Work task:
Each record that follows is to be duplicated exactly, though its pictures are not.

Crawled caption data:
+ + + + + + +
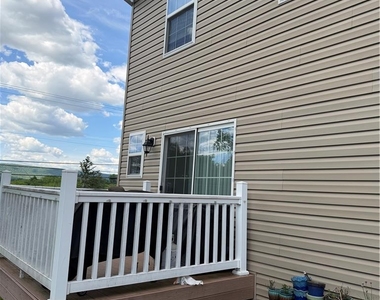 7406 Allemaengel Road - Photo Thumbnail 1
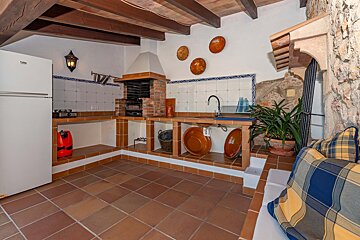 A kitchen with a beko refrigerator in the corner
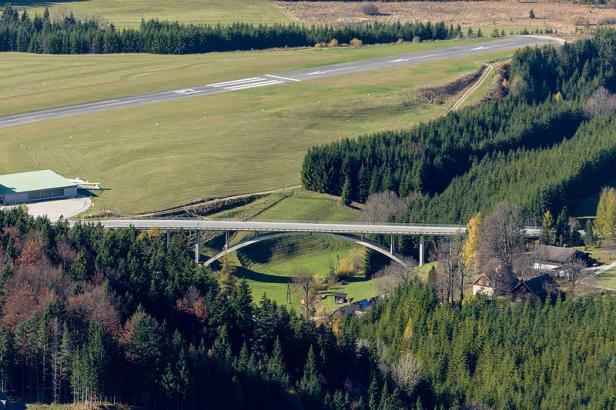 Eine Brücke überspannt ein Tal in einer bewaldeten Landschaft mit einer Landebahn im Hintergrund.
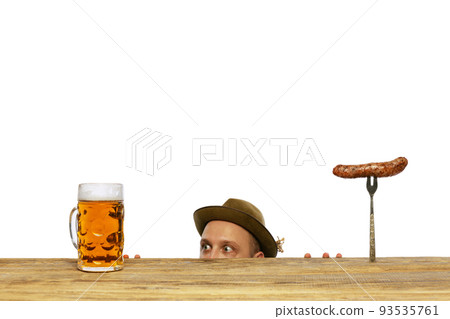 Portrait of young man peeking out table and looking at mug with foamy lager beer and sausage isolated over white background Portrait of young man peeking out table and looking at mug with foamy lager beer and sausage isolated over white background 93535761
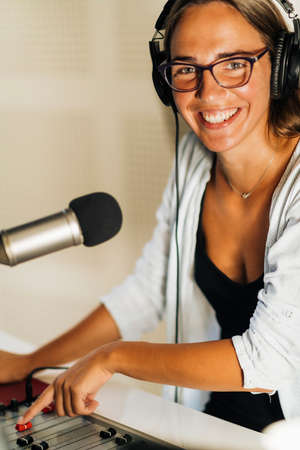 Attractive young millennial woman in front of microphone, using headphones, making an online radio podcast talk show.の写真素材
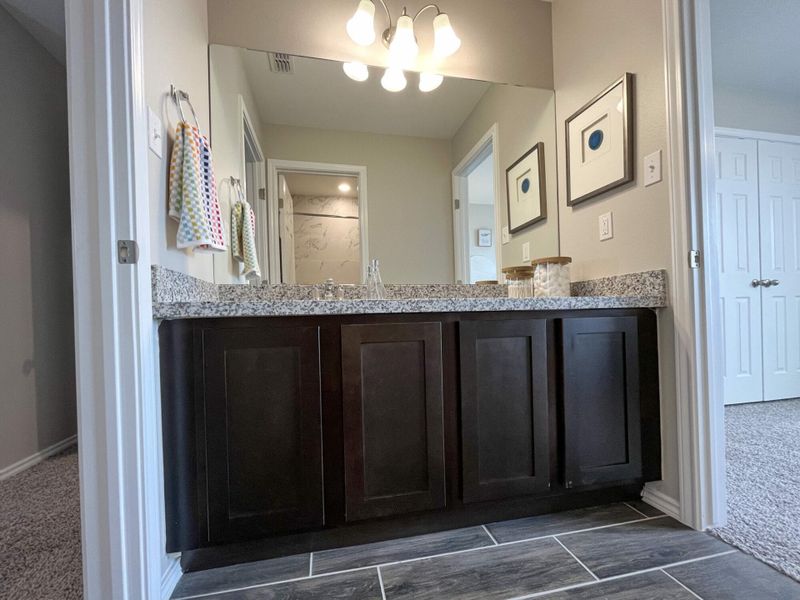 Furnished interior in a model home at Villas San Agustin in Laredo (Image 12).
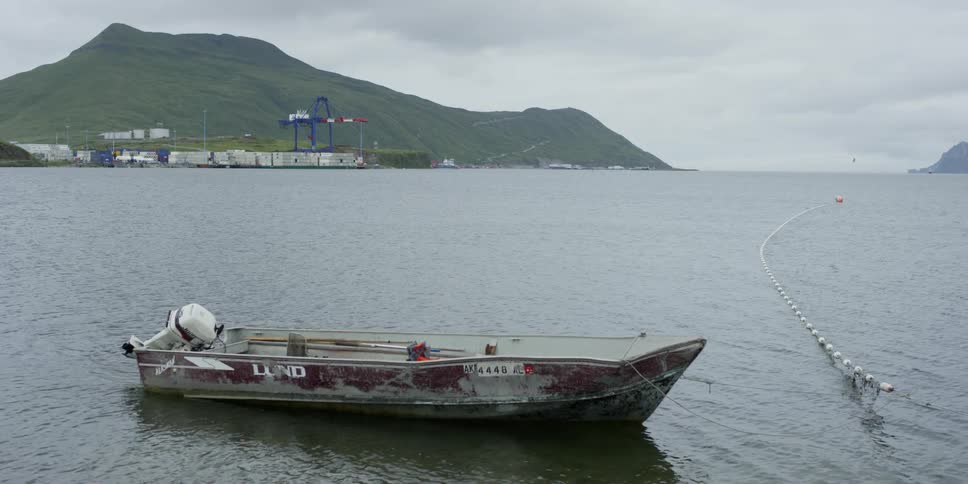 A boat is tied to a net in the ocean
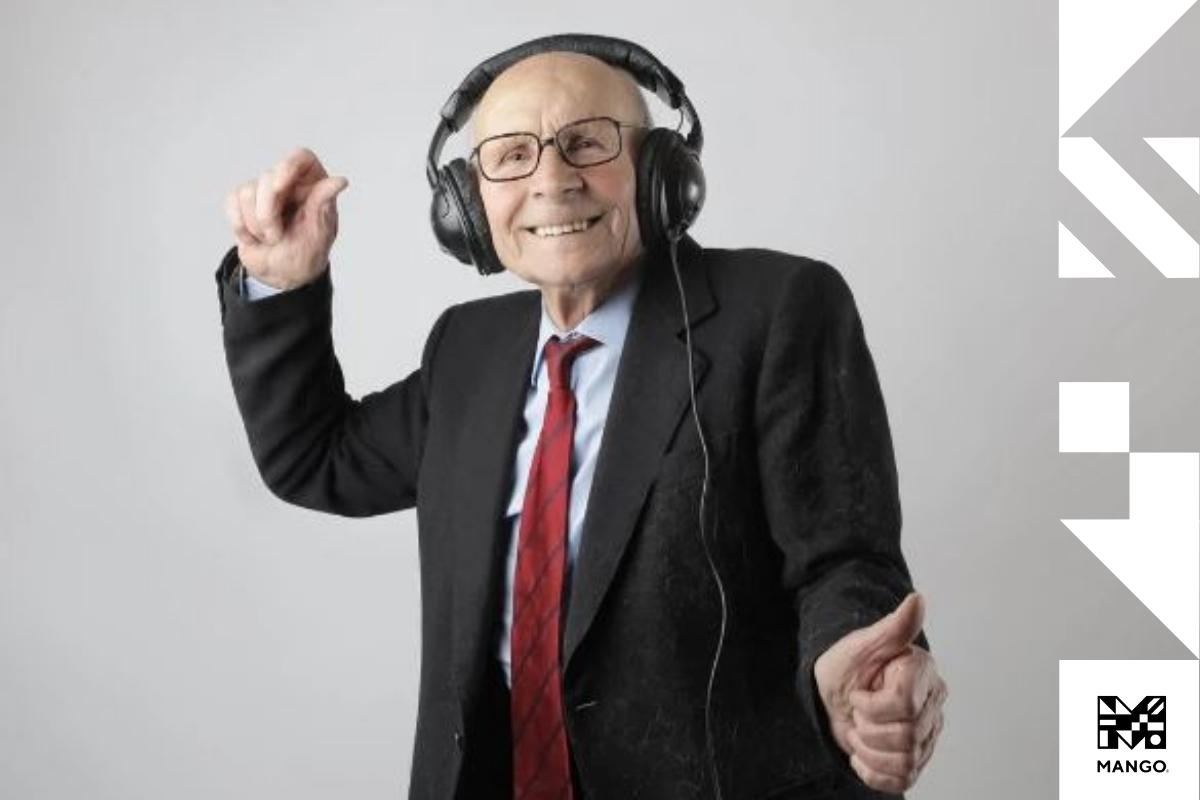 An older gentleman dressed in a suite dancing while listening to music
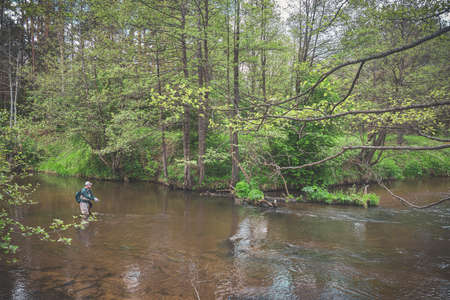 The fisherman catches with a spinning rod on the river.の写真素材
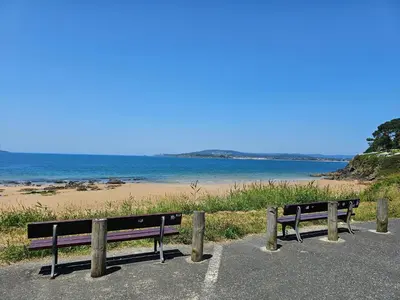 two benches sitting on the side of a beach at Apartamento Playa de Ber in Puentedeume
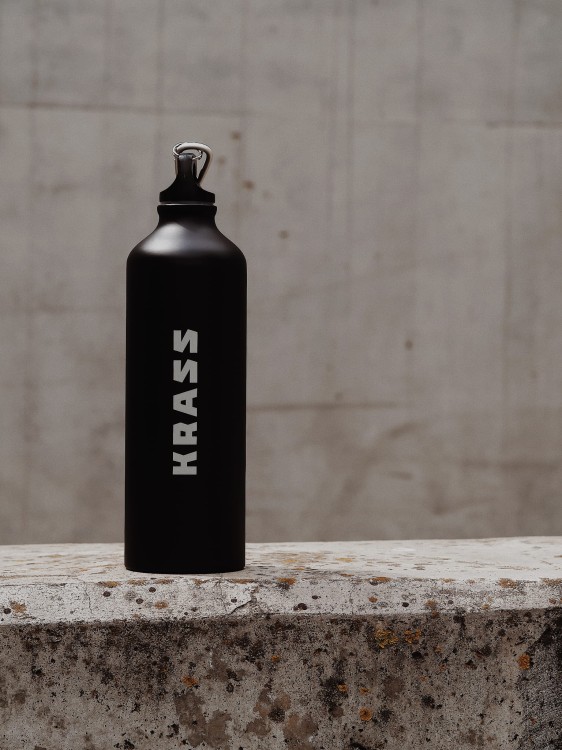 Butelka aluminiowa z logotypem marki stojąca na murku.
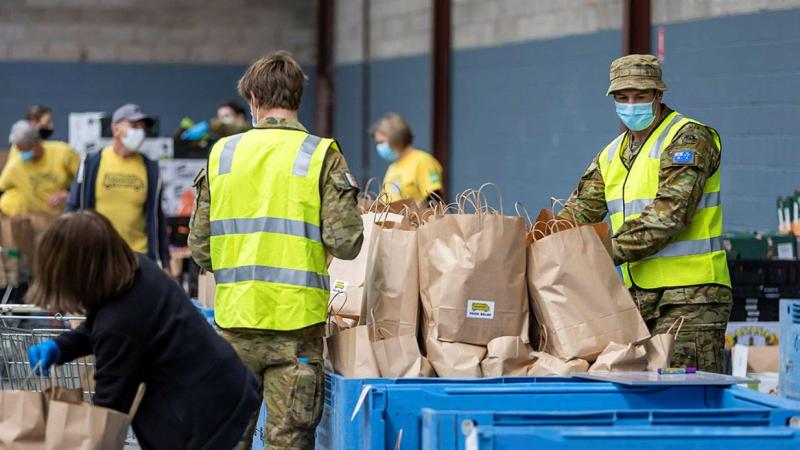 Army personnel and OzHarvest volunteers prepare dry and fresh food hampers in the OzHarvest warehouse at Alexandria, Sydney, a part of Operation COVID-19 Assist. Photo: Corporal Dustin Anderson 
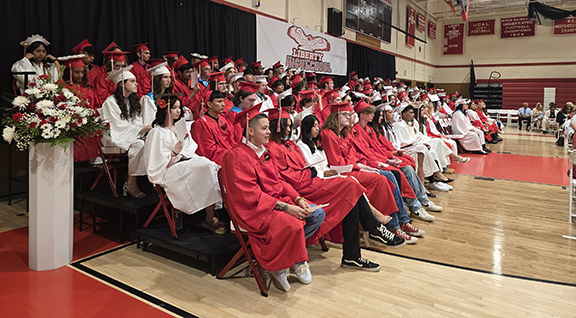 Graduates seated on risers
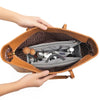 A hand is opening a tan leather handbag to reveal a gray organizer insert containing various small metal and wooden accessori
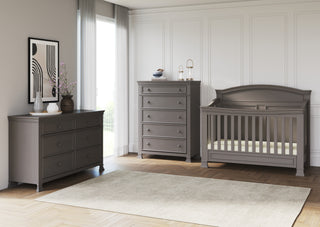 Modern nursery featuring the Child Craft Westgate 4-in-1 Convertible Crib in Chelsea Grey, tall and wide dressers, a neutral rug on herringbone wood floors, white paneled walls, large window with sheer curtains, framed art, and floral vases.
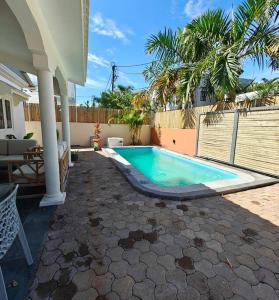 a swimming pool in a yard next to a house at Villa Ti CoCo Elegant Tropical Villa with Pool and Terraces in Trou aux Biches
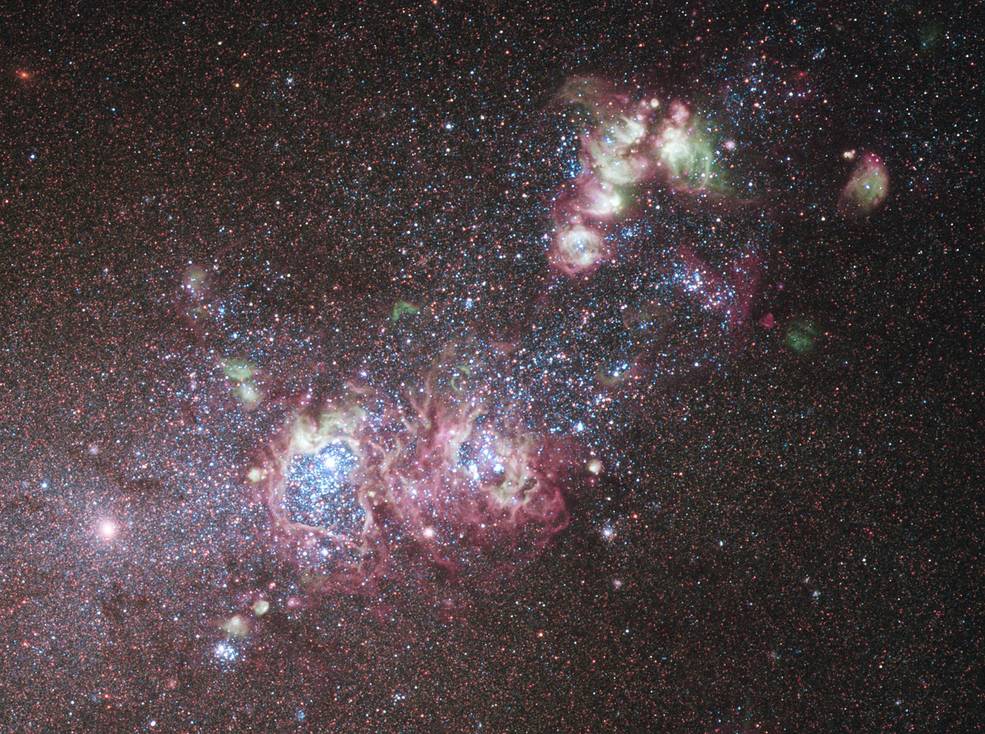 bright white and pink clouds and blue-white stars bisect the image from lower left to upper right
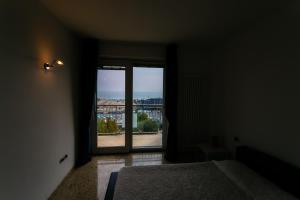 ソットマリーナにあるLe Murrine Frontemare Apartment Seaviewのベッド1台、景色を望む窓が備わる客室です。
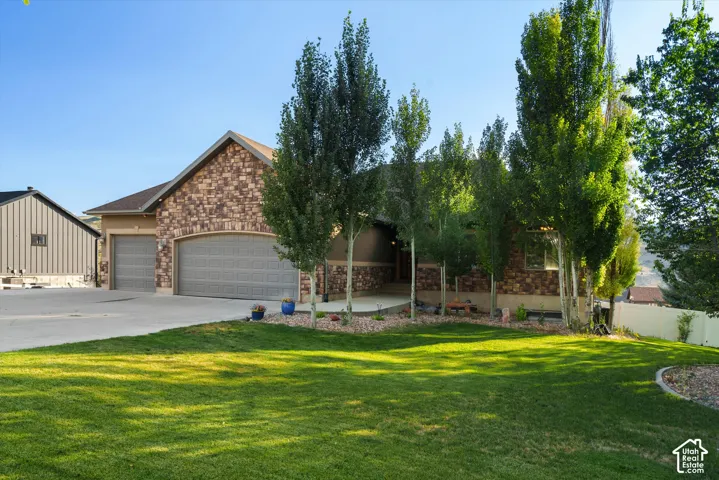 Stone facade residence featuring an attached three-car garage with arched entry, a concrete driveway, and mature landscaping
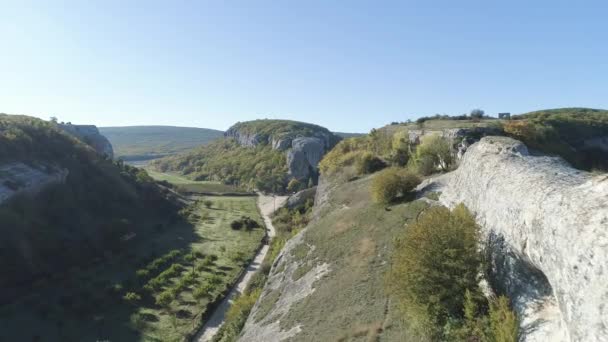 Blick von oben auf die Plantage im Bergtal. Schuss. Panorama vom Steinrücken der Felswände bis ins grüne Tal bei sonnigem Wetter — Stockvideo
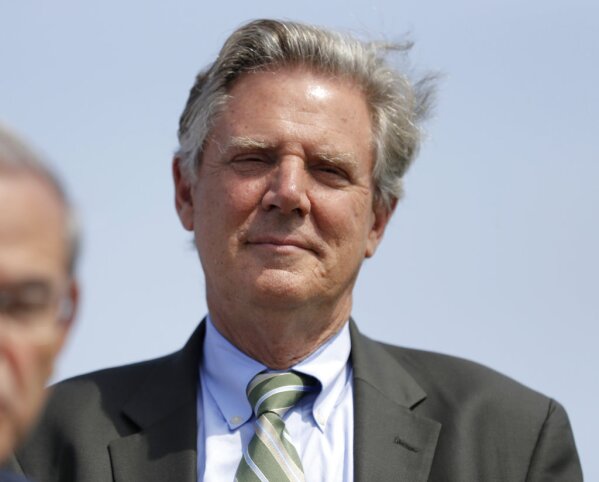 FILE - In this Aug. 17, 2017, file photo Rep. Frank Pallone, D-N.J., listens as Sen. Bob Menendez, left, speaks about flood insurance in Union Beach, N.J. (AP Photo/Julio Cortez, File)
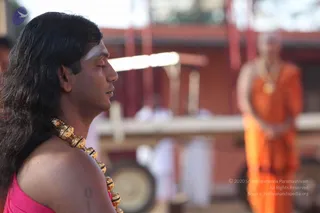 Close profile photo of a man with long dark hair falling past his shoulders, eyes closed, a white vertical mark on his forehead, wearing a pink sleeveless garment and a heavy gold bead necklace of large ornate beads. Behind him, out of focus, a second figure in orange robes and a gold pendant necklace stands with hands folded, beside indistinct white-clad people and red-orange buildings and a wooden structure. The foreground man appears to be in meditative stillness. a person cues visible on the foreground man: long swept-back hair, ornate gold necklace, and a white forehead mark; he is presented as a devotee in meditation position.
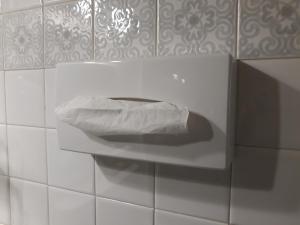 a white toilet in a white tiled wall at Hôtel Ambroise in Uzerche
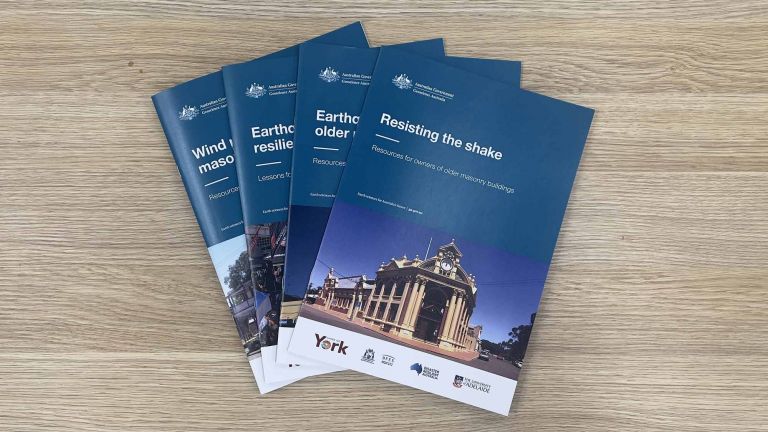 Four A4 booklets with dark teal branding arranged in a fan shape. The top booklet reads 'Resisting the shake - Resources for the owners of older masonry buildings'.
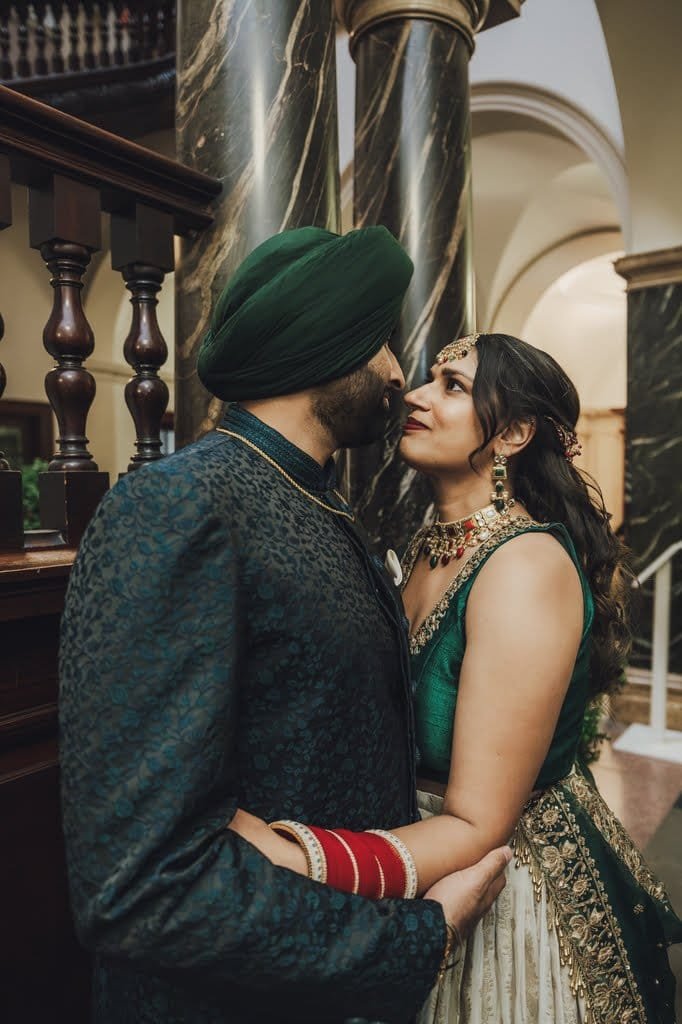 A couple dressed in traditional Indian attire embraces while gazing into each other's eyes inside a grand building, embodying wedding traditions from around the world. The man wears a green turban and ornate outfit; the woman is in a green and gold dress.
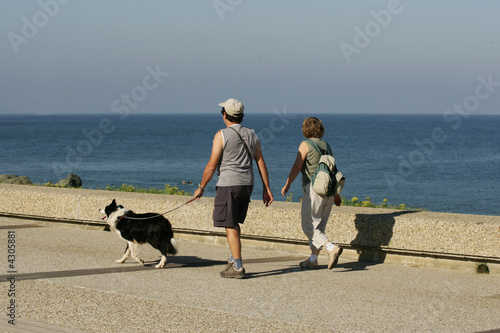couple qui se promène leur chien en laisse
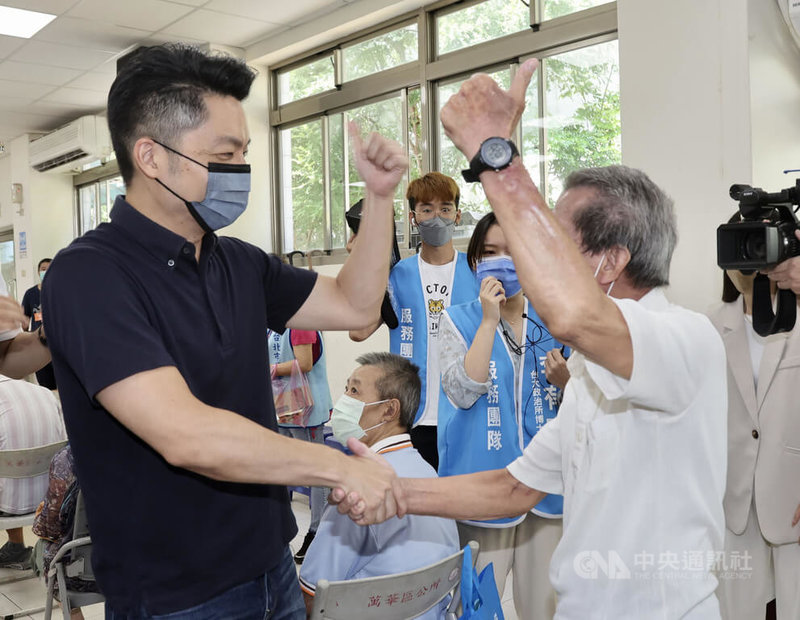 國民黨台北市長參選人蔣萬安(左)5日出席萬華區華江里父親節活動,與現場長輩互動,爭取支持。中央社記者張皓安攝 111年8月5日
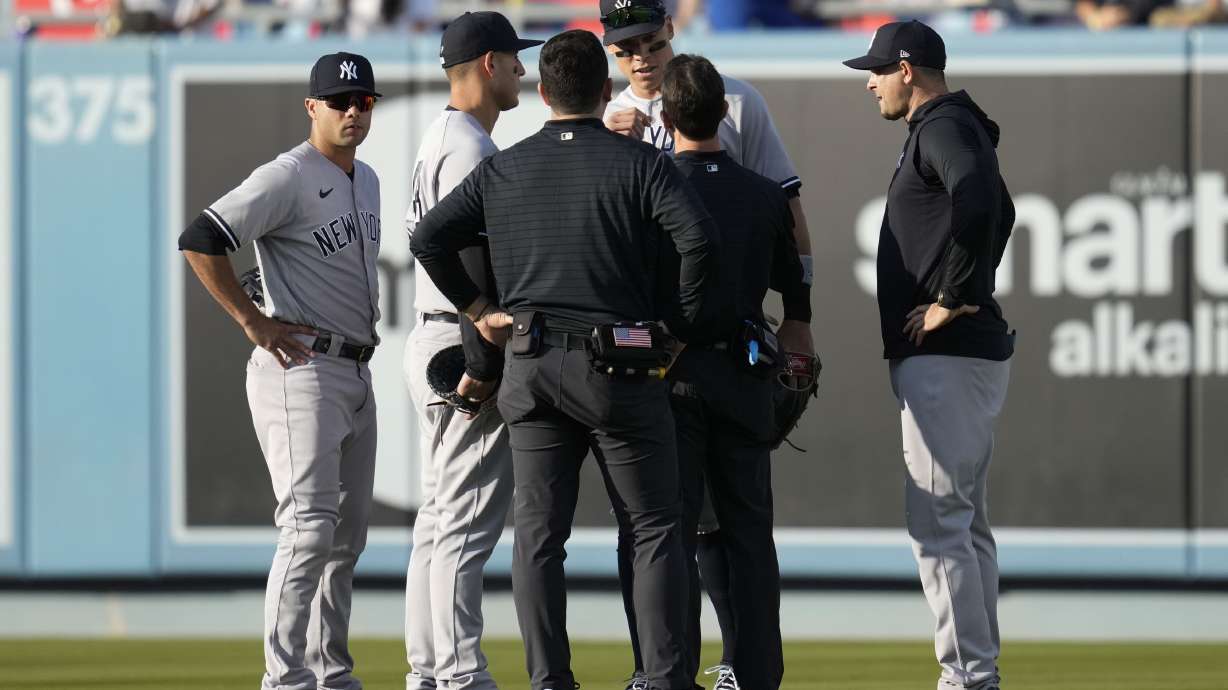 New York Yankees right fielder Aaron Judge, center right, is checked out after catching a fly ball hit by Los Angeles Dodgers' J.D. Martinez during the eighth inning of a baseball game in Los Angeles, Saturday, June 3, 2023.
+ + + + + + +
Output below:
 7406 Allemaengel Road - Photo Thumbnail 1
 A kitchen with a beko refrigerator in the corner
 Eine Brücke überspannt ein Tal in einer bewaldeten Landschaft mit einer Landebahn im Hintergrund.
 Portrait of young man peeking out table and looking at mug with foamy lager beer and sausage isolated over white background Portrait of young man peeking out table and looking at mug with foamy lager beer and sausage isolated over white background 93535761
 Attractive young millennial woman in front of microphone, using headphones, making an online radio podcast talk show.の写真素材
 Furnished interior in a model home at Villas San Agustin in Laredo (Image 12).
 A boat is tied to a net in the ocean
 An older gentleman dressed in a suite dancing while listening to music
 The fisherman catches with a spinning rod on the river.の写真素材
 two benches sitting on the side of a beach at Apartamento Playa de Ber in Puentedeume
 Butelka aluminiowa z logotypem marki stojąca na murku.
 Army personnel and OzHarvest volunteers prepare dry and fresh food hampers in the OzHarvest warehouse at Alexandria, Sydney, a part of Operation COVID-19 Assist. Photo: Corporal Dustin Anderson 
 Graduates seated on risers
 A hand is opening a tan leather handbag to reveal a gray organizer insert containing various small metal and wooden accessori
 Modern nursery featuring the Child Craft Westgate 4-in-1 Convertible Crib in Chelsea Grey, tall and wide dressers, a neutral rug on herringbone wood floors, white paneled walls, large window with sheer curtains, framed art, and floral vases.
 a swimming pool in a yard next to a house at Villa Ti CoCo Elegant Tropical Villa with Pool and Terraces in Trou aux Biches
 bright white and pink clouds and blue-white stars bisect the image from lower left to upper right
 ソットマリーナにあるLe Murrine Frontemare Apartment Seaviewのベッド1台、景色を望む窓が備わる客室です。
 Stone facade residence featuring an attached three-car garage with arched entry, a concrete driveway, and mature landscaping
 Blick von oben auf die Plantage im Bergtal. Schuss. Panorama vom Steinrücken der Felswände bis ins grüne Tal bei sonnigem Wetter — Stockvideo
 FILE - In this Aug. 17, 2017, file photo Rep. Frank Pallone, D-N.J., listens as Sen. Bob Menendez, left, speaks about flood insurance in Union Beach, N.J. (AP Photo/Julio Cortez, File)
 Close profile photo of a man with long dark hair falling past his shoulders, eyes closed, a white vertical mark on his forehead, wearing a pink sleeveless garment and a heavy gold bead necklace of large ornate beads. Behind him, out of focus, a second figure in orange robes and a gold pendant necklace stands with hands folded, beside indistinct white-clad people and red-orange buildings and a wooden structure. The foreground man appears to be in meditative stillness. a person cues visible on the foreground man: long swept-back hair, ornate gold necklace, and a white forehead mark; he is presented as a devotee in meditation position.
 a white toilet in a white tiled wall at Hôtel Ambroise in Uzerche
 Four A4 booklets with dark teal branding arranged in a fan shape. The top booklet reads 'Resisting the shake - Resources for the owners of older masonry buildings'.
 A couple dressed in traditional Indian attire embraces while gazing into each other's eyes inside a grand building, embodying wedding traditions from around the world. The man wears a green turban and ornate outfit; the woman is in a green and gold dress.
couple qui se promène leur chien en laisse
 國民黨台北市長參選人蔣萬安(左)5日出席萬華區華江里父親節活動,與現場長輩互動,爭取支持。中央社記者張皓安攝 111年8月5日
 New York Yankees right fielder Aaron Judge, center right, is checked out after catching a fly ball hit by Los Angeles Dodgers' J.D. Martinez during the eighth inning of a baseball game in Los Angeles, Saturday, June 3, 2023.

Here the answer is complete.